# Growling / snapping when woken up..



## MKshep (Apr 7, 2021)

I was a active member here before, but lost my account after I switched jobs.

I purchased my last shepherd about 7 years ago he is my first Czech, and definitely my most people friendly one. 










Were active, and go on walks almost every day, this is him tonight 7 years later










Overall he is great, but has one behavior that has surfaced in the last year that I have been unable to detour.

If he is sleeping at night, and I wake him up. he goes into a weird phase for about 30 seconds to a minute where he will growl and sometimes snap. I have completely ignored the threats, and he always backs off and acts normal about a minute later. He has gone as far as snapping and mouthing my hand, but has never clamped down.

I just don't know what it is that I am doing wrong. What should I do to prevent this behavior?


----------



## MKshep (Apr 7, 2021)

I'm 49 and grew up along side this breed. This is my third, and the others never once behaved this way.


----------



## Jen84 (Oct 19, 2020)

MKshep said:


> I was a active member here before, but lost my account after I switched jobs.
> 
> I purchased my last shepherd about 7 years ago he is my first Czech, and definitely my most people friendly one.
> 
> ...





MKshep said:


> I just don't know what it is that I am doing wrong. What should I do to prevent this behavior?


Don't wake him up anymore


----------



## herojig (Apr 3, 2013)

MKshep said:


> I'm 49 and grew up along side this breed. This is my third, and the others never once behaved this way.


At 49, I behaved exactly this way. But my last and final wife trained me not to snap by giving me a treat first, before I woke up.


----------



## Biscuit (Mar 24, 2020)

Just to be clear; are you actually phyically waking the dog and he comes at you, or is the dog waking in your vicinity and come after you?


----------



## eddie1976E (Nov 7, 2010)

At 7 for a behavior like to surface is very strange and not likely a training issue or something behavior modification can address. Your dog hasn't presented this before, I would get a vet to look at him. Dogs don't wake up one day after 7 years and do something totally out of character like this.


----------



## WIBackpacker (Jan 9, 2014)

There’s a member here who ran into almost this exact same thing, but she doesn’t post anymore. 

Her male basically started “sundowning” around age 5 or so (to use the human term).

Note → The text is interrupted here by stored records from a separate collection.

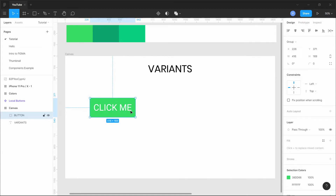What a component does is when you have a lot of screens and want to duplicate something — say a button across many screens in an app — you create a master component and duplicate it into what's called an instance. When you change something in the master component, it gets changed in every instance of it on the canvas.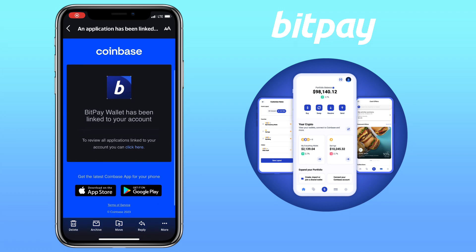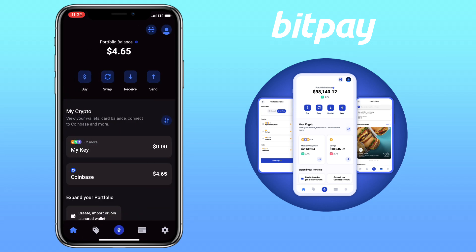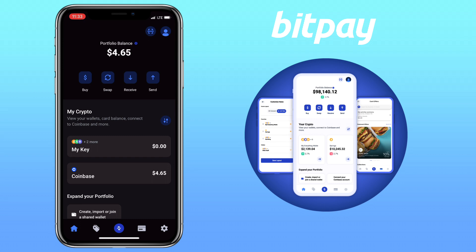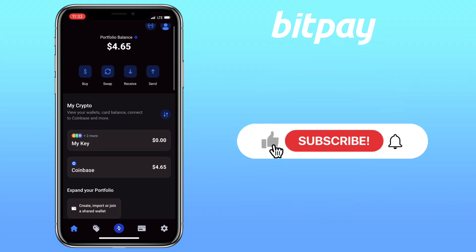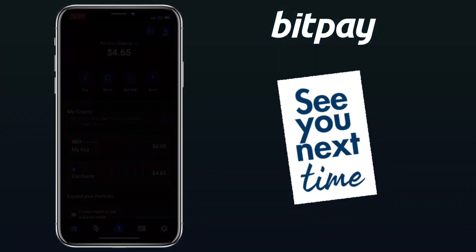Great. My BitPay wallet has been linked to my Coinbase account. You can see here my Coinbase app balance is already reflected in my portfolio balance. That's how simply you can connect your BitPay wallet to your Coinbase app account. If you have questions, feel free to comment down below, and please don't forget to like, subscribe, and hit the notification bell for more cryptocurrency video tutorials. See you in my next video.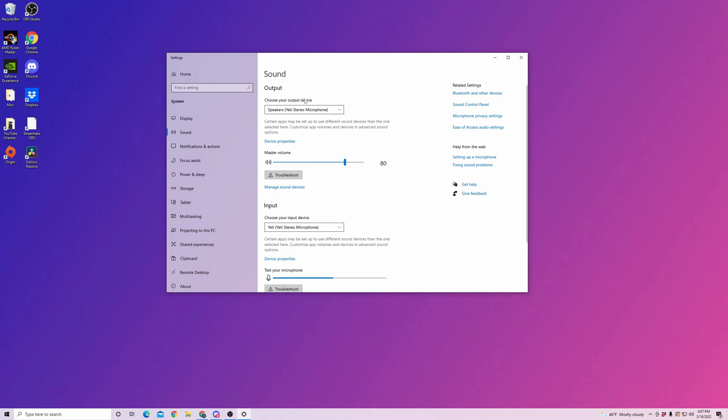Is your output device the microphone you're using and is the input device the headset you're using? Now I have my headset plugged directly into my microphone which is why it's the option for both. Make sure that those are selected to be the devices you are actually using.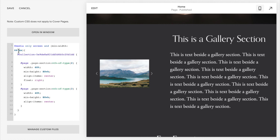And there you have it. So that is how you place two sections beside each other so that you can have text beside your gallery section. Thank you.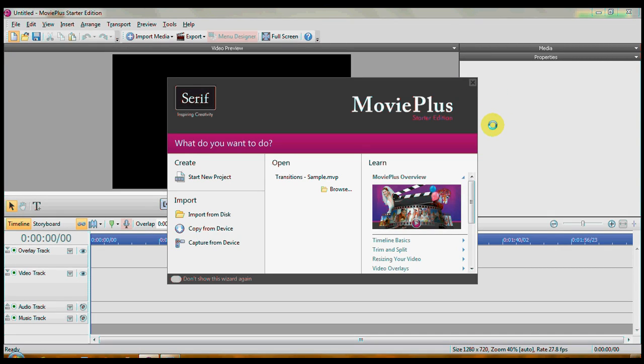Okay, I'm going to be showing you how to use the MoviePlus Starter Edition to do chroma keying in this section, and also compositing, keyframing, and picture-in-picture. These are some of the big things that a lot of people want to do and can't.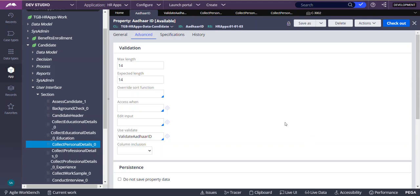Edit Validate Rule is used for client-side validation. If you want to use the same Edit Validate Rule for server-side validation, then you need to call this Edit Validate Rule in an Activity. That Activity should be called in a Post Processing Action, or you can call this Edit Validate Rule in a Validate Rule.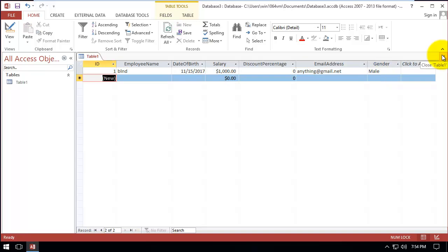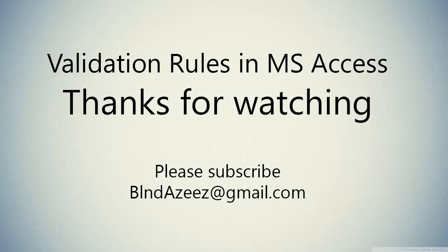That is it for validation rules. They help a lot with data entry and setting restrictions. Thank you for watching — subscribe for more videos and let me know what you think in the comment section.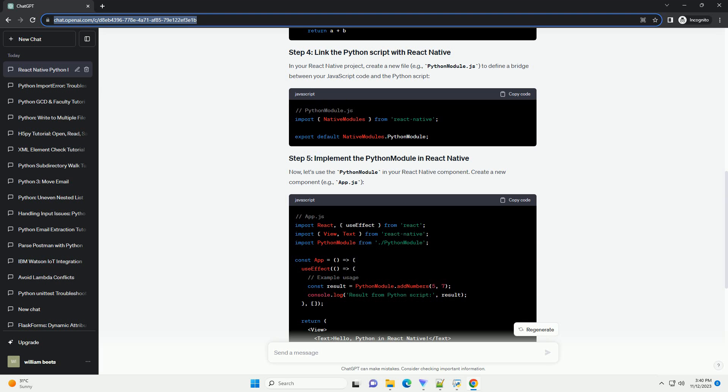For example, in your React Native project, create a new file, example_python_module.js, to define a bridge between your JavaScript code and the Python script.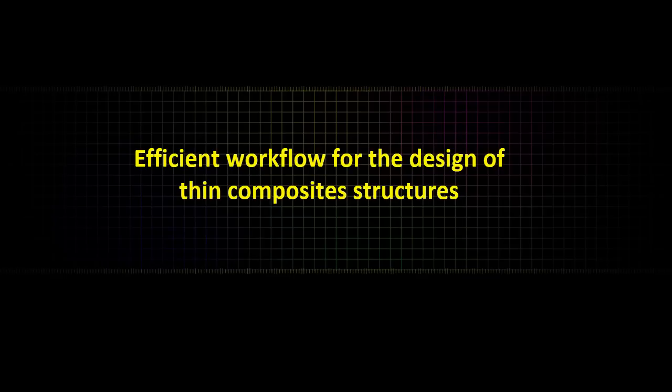In this video we are going to look at the design of a composite structure based on the example of a vertical wind turbine.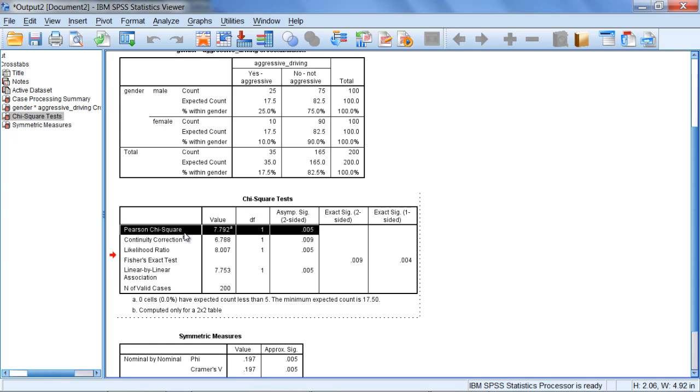Pearson created both the correlation and the chi-square, and both procedures assess whether there is a relationship between two variables. Chi-square deals with categorical variables, while Pearson's correlation deals with quantitative variables that have many different values, like height and weight, rather than categorical variables where a person falls into one of a few categories.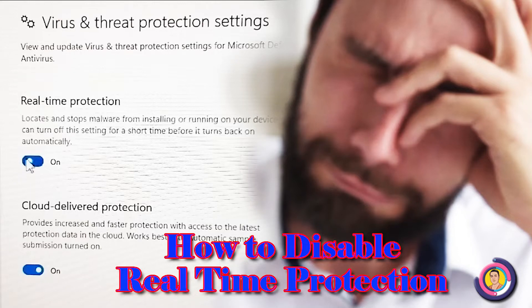Hello friends, today I want to show you a simple step to disable real-time protection if it is not disabling easily.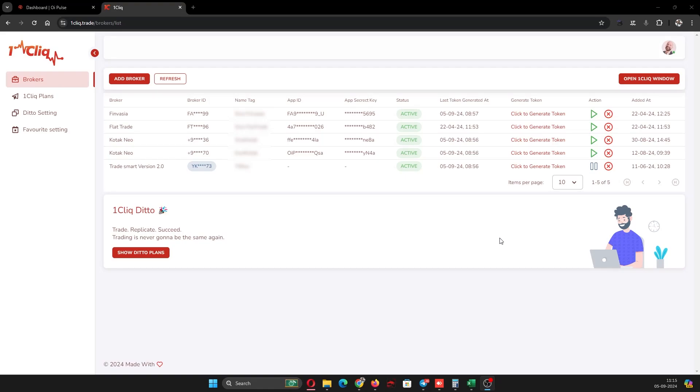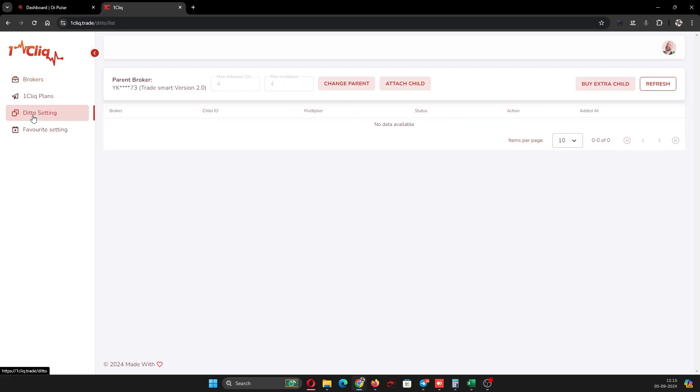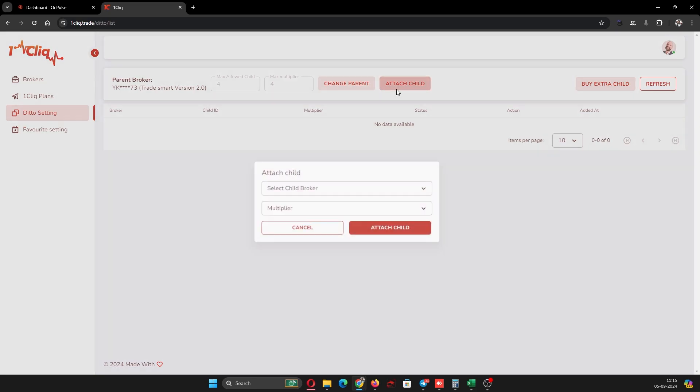In this video we will see how to add child accounts in deto. For that, you have to go to deto settings where you'll have 'attach child' here. In this account I have four child allowed, so I will add a child.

He had to go back to sleeping in a crate.

Obviously you can try and avoid provoking the response, but If someone in the family accidentally tripped over the dog in the dark, it very likely would have ended in a bite. Extensive tests revealed zero medical changes in the dog.


----------



## Cat Mom Adopts German Boy (Jan 4, 2021)

herojig said:


> At 49, I behaved exactly this way. But my last and final wife trained me not to snap by giving me a treat first, before I woke up.


----------



## Kazel (Nov 29, 2016)

Definitely sounds like something genetic/health based. I do know there is something in several breeds they believe is linked to seizures (not sure if that is the confirmed cause or not) that causes very similar behavior. I've heard about it in malinois and GSDs, I think they're working on pinning down a genetic test in mals. Could also be some other things


----------



## Honey Maid (Dec 25, 2020)

Are you physically touching him to wake him, or are you using your voice? Sounds like you may be using your hand, shaking him awake? Just use your voice, maybe he's in pain wherever you touch him to wake him.


----------



## WNGD (Jan 15, 2005)

Are you physically waking him (touch) or just calling him if it's time to go out etc?
I don't physically wake my dogs ever but to be honest, it's rare to see them sleep deeply enough to be able to even approach them


----------



## WNGD (Jan 15, 2005)

Brilliant minds and all that lol


----------



## MKshep (Apr 7, 2021)

I did not describe this as well as I should have. It only happens in the late evening, and when He gets woke up and asked to move. It does not happen most the time, but occasionally (Maybe a few times a month).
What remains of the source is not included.